In this exercise you will implement the KMeans clustering algorithm. The KMeans algorithm gather closer samples together by defining clusters. The idea is to find the K cluster centers which better divide the data. In this exercise you should implement the KMeans algorithm with random initialization. Then, implement the KMeans++ initialization method, which defines better initial cluster centers, to help achieving a better and quickier convergence.

In [None]:
# import libraries used during this exercise
# it may be necessary to uncomment the two following pip commands
#!pip3 install pandas
#!pip3 install matplotlib
import numpy as np
import pandas as pd
import matplotlib.pyplot as plt
# the core.py file contains the plottings and other pre-defined functions please, do NOT change them.
from mlrcv.core import *
%matplotlib notebook
%matplotlib inline

In this exercise we will use a dataset with $x_1$, $x_2$ values where it's possible to notice that the points accumulates over some regions.

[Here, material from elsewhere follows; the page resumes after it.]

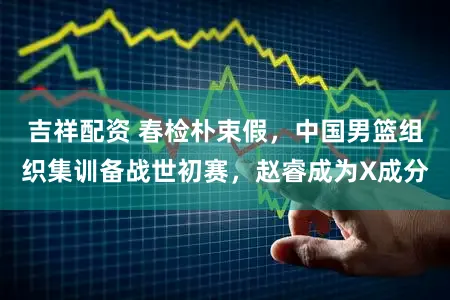吉祥配资 春检朴束假,中国男篮组织集训备战世初赛,赵睿成为X成分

This suggests that using a clustering algorithm (KMeans) it would be possible to divide the data, defining clusters that can separate the data points into distinct classes.

In [None]:
# Dataset read
df = pd.read_csv('data/kmeanspp.csv')
x = df.values
plot_dataset(x)

**5.1 KMeans \[6\]**

---

Given the loaded dataset $x_1,x_2$ you should implement the class functions in the *kmeans.py* file to find the K-clusters. You can test different values for *k_clusters* to check the algorithm behavior. In this first task the following functions should be implemented:

**KMeans class:**
- *euclidean_distance*: calculate the euclidean distance between the $x$ samples and the K-centers
- *init_random_centers*: randomly initialize the K-centers
- *fit*: use the input data $x$ to find the K-centers to divide the data
- *predict_c*: predict $c_{pred}$ clusters from input $x$

(**Note:** on the *kmeans.py* you can use this function call *plot_clusters(x, self)* to plot the clusters during the data fit, so you can follow the clusters centers convergence)


In [None]:
from mlrcv.kmeans import *

# KMeans with random initialization
kmeans = KMeans(k_clusters=3, init_method='rand')
kmeans.fit(x)

plot_clusters(x, kmeans)

After some iterations your algorithm should be able to divide the data in K diferent clusters. With *k_cluster=3* you should see a reasonable division of the data, with the centers (yellow stars) right on the middle of the clusters.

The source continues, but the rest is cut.